Неизвестный пассажир вежливо ответил, что он не имеет чести состоять в этом почтенном сословии.
– Так не по радио же телеграфу вы прибыли сюда, – взревел капитан Сток. И он упомянул при этом, что это совершенно невозможный случай, тысяча чертей и две с половиной тысячи ведьм.
Неизвестный пассажир ответил безукоризненно вежливо, что, по его личному мнению, нет ничего невозможного в мире, в особенности в наш век сильно развитой техники.
Капитан Сток, оцепенев от ярости, глядел на неизвестного пассажира. Его трубка задымилась бурно, и все предвещало наступление бешеного шторма. Однако шторм не наступил.
Неизвестный пассажир сказал:
– Будьте добры, капитан, проводите меня к мистеру Хорлэю, я объясню, в чем дело…
Бессильный от ярости капитан повиновался. И неизвестный пассажир очутился перед мистером Хорлэем. Он вежливо снял шляпу, достал из дорожной сумки блокнот и спросил онемевшего от изумления миллиардера:
– Ваше мнение, сэр, о конечной цели поездки этой очаровательной яхты?
– Кто вы такой, черт возьми? – спросил изумленно мистер Хорлэй, выдвигая нижнюю челюсть.
Неизвестный джентльмен улыбнулся:
– К вашим услугам мистер Хорлэй. Гарри Стоун, король репортажа, сотрудник самой распространенной в Нью-Йорке газеты.
Рты капитана и мистера Хорлэя являли поразительное зрелище: они были раскрыты и зияли, как две пещеры. В одной из этих пещер, Хорлэевской, сверкали три золотых зуба.
– Как вы попали сюда?! – заревел взбешенный миллиардер.
Капитан Сток повторил, как эхо:
– Как вы попали сюда?
Гарри Стоун сказал вежливо и скромно:
– Редакционная тайна, джентльмены. Смею спросить: как ваше мнение относительно последнего рекорда боксера Кимэля?
Капитан и миллиардер, выпучив глаза, смотрели друг на друга. Гарри Стоун выждал с минуту и сказал так же учтиво:
– Вы разрешите мне, джентльмены, пройти к радиотелеграфу, чтобы передать последнее известие – мнение мистера Хорлэя о рекорде боксера Кимлэя?
Он вежливо приподнял шляпу и отправился к радиотелеграфу, никого не спрашивая о дороге: Гарри Стоун ориентировался на судне так, как будто он прожил на нем с самого детства.

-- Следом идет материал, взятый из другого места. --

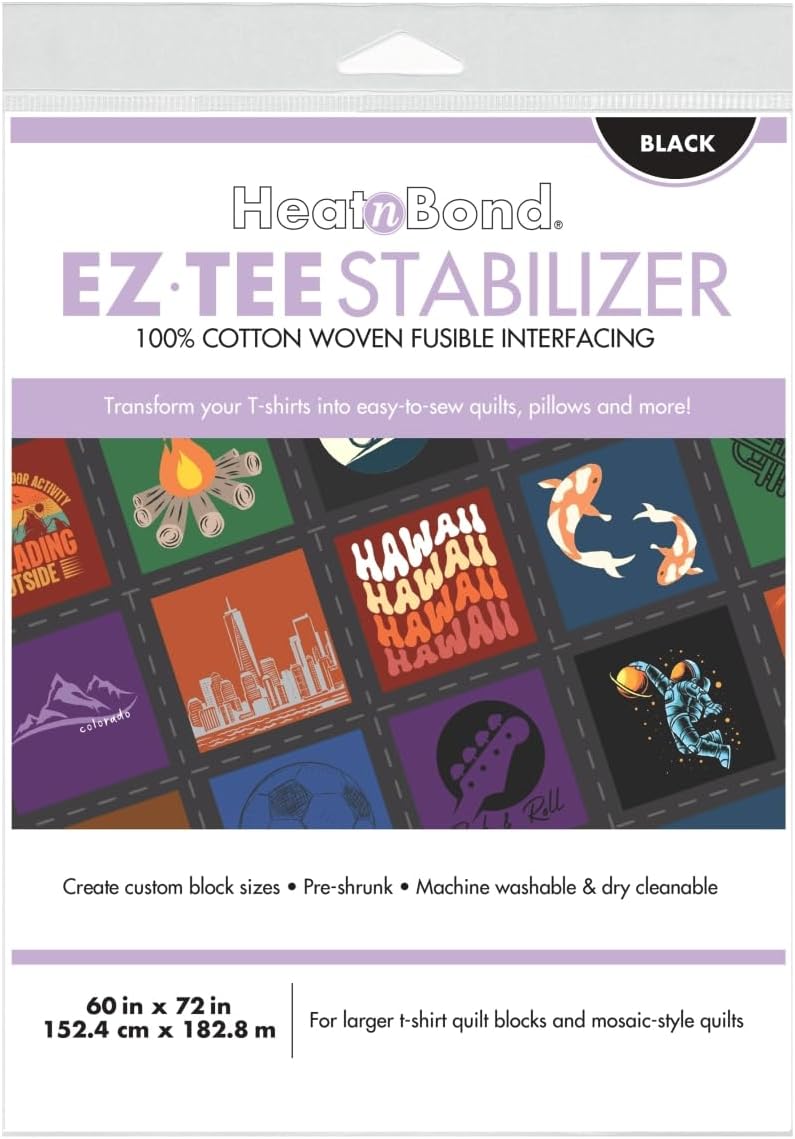 HeatnBond EZ TEE Iron-On Woven Fusible Stabilizer, 60 Inches x 72 Inches, Black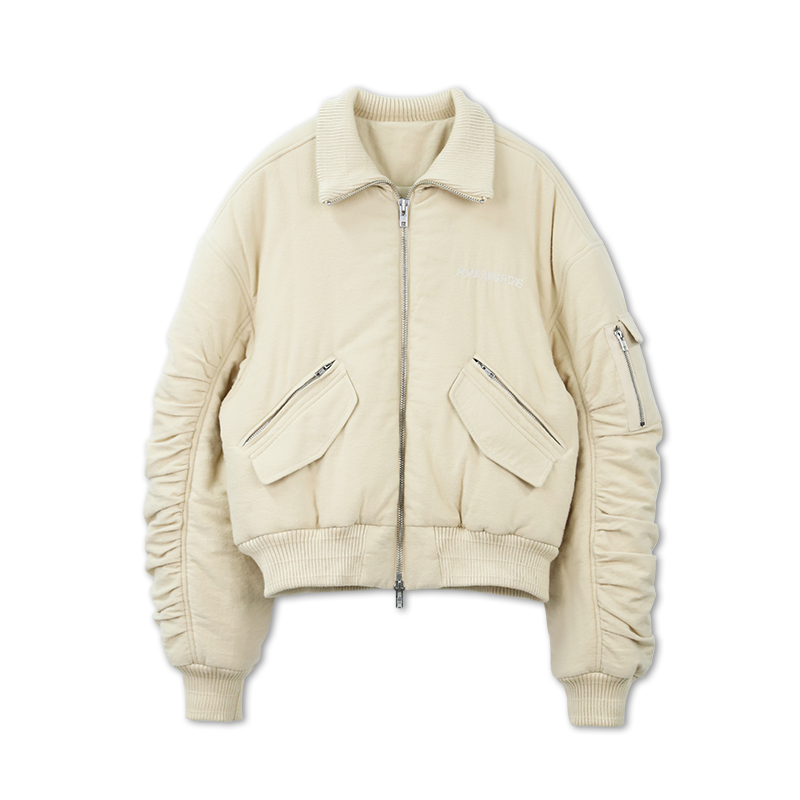 SOD Co. Beige Pilling Custom Pleated MA-1 Bomber Jacket | Face 3 Face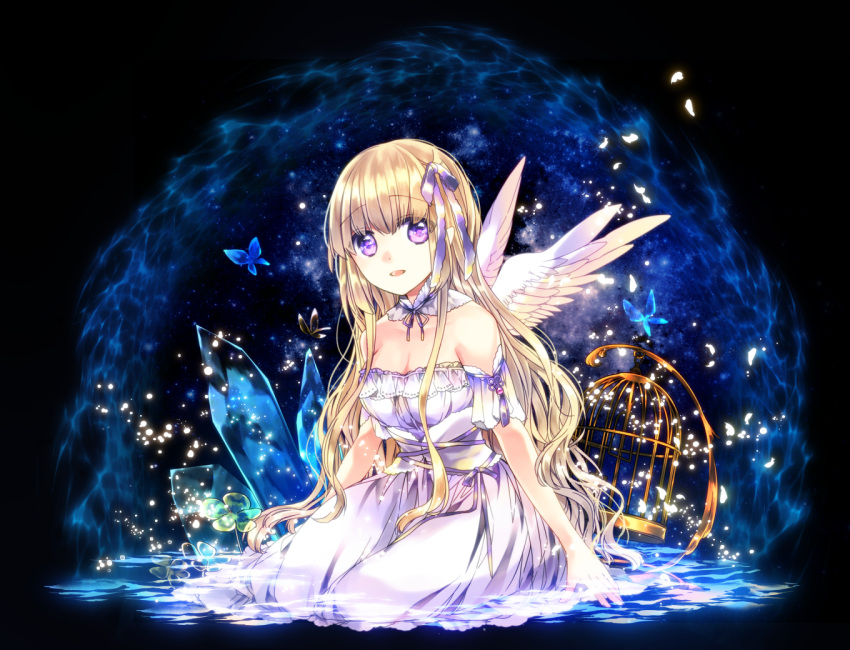 1girl, angel_wings, bangs, birdcage, blonde_hair, breasts, bug, butterfly, cage, cleavage, clover, commentary_request, crystal, detached_collar, detached_sleeves, dress, eyebrows_visible_through_hair, feathered_wings, four-leaf_clover, hair_ribbon, head_tilt, in_water, insect, kano_(pixiv271651), light_particles, long_hair, looking_at_viewer, medium_breasts, mixed-language_commentary, night, night_sky, parted_lips, petals, pixiv_fantasia, pixiv_fantasia_last_saga, pointy_ears, purple_ribbon, ribbon, shiny, shiny_hair, sky, solo, star_(sky), starry_sky, strapless, strapless_dress, very_long_hair, violet_eyes, white_dress, wings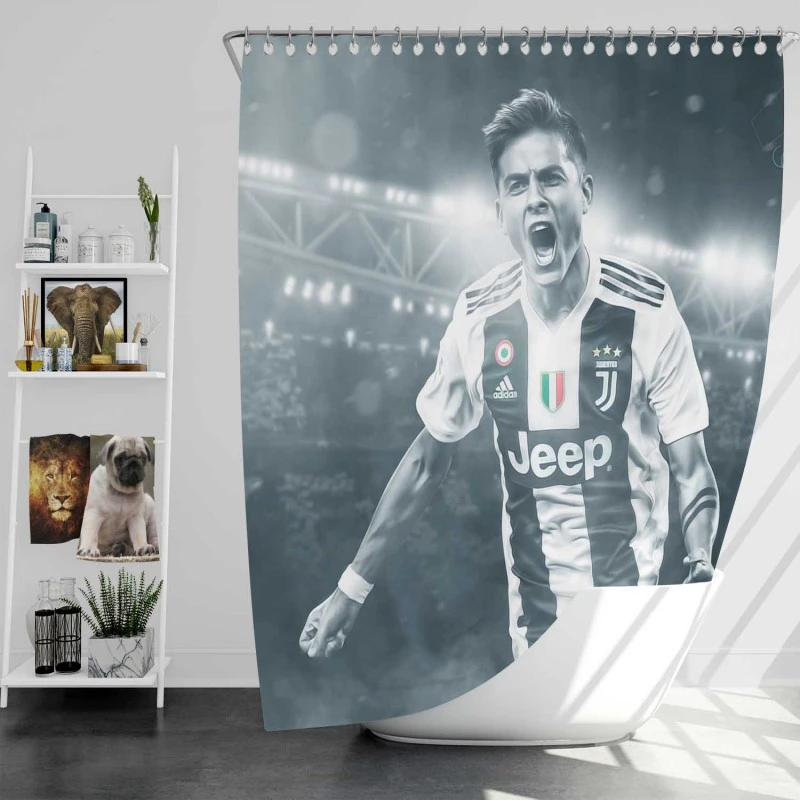 Paulo Dybala Euphoric Footballer Player Shower Curtain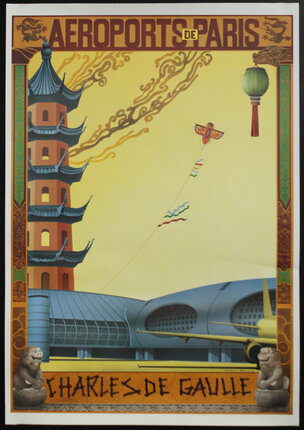 a poster of a building with a kite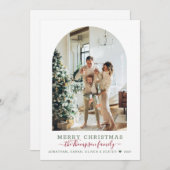 グリーンモダンレッドメリークリスマスアーチフォトホリダ シーズンカード (正面/裏面)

Через минуту он уже диктовал телеграфисту:
– Последние известия. На палубе «Акулы» миллиардер Хорлэй рассуждает о последнем рекорде боксера Кимлэя. Куда едет Хорлэй? Таинственная поездка! Капитан и его судно! Мраморные ванны на яхте миллиардера! Кто лучше обставил яхту: Хорлэй и Астор? Как проводят время миллиардеры на яхте во время таинственной морской прогулки? Читайте заметки нашего собственного корреспондента.
Со сдвинутой на затылок шляпой, с упоенным лицом Гарри Стоун работал во славу прессы в радиотелеграфной комнате яхты «Акула».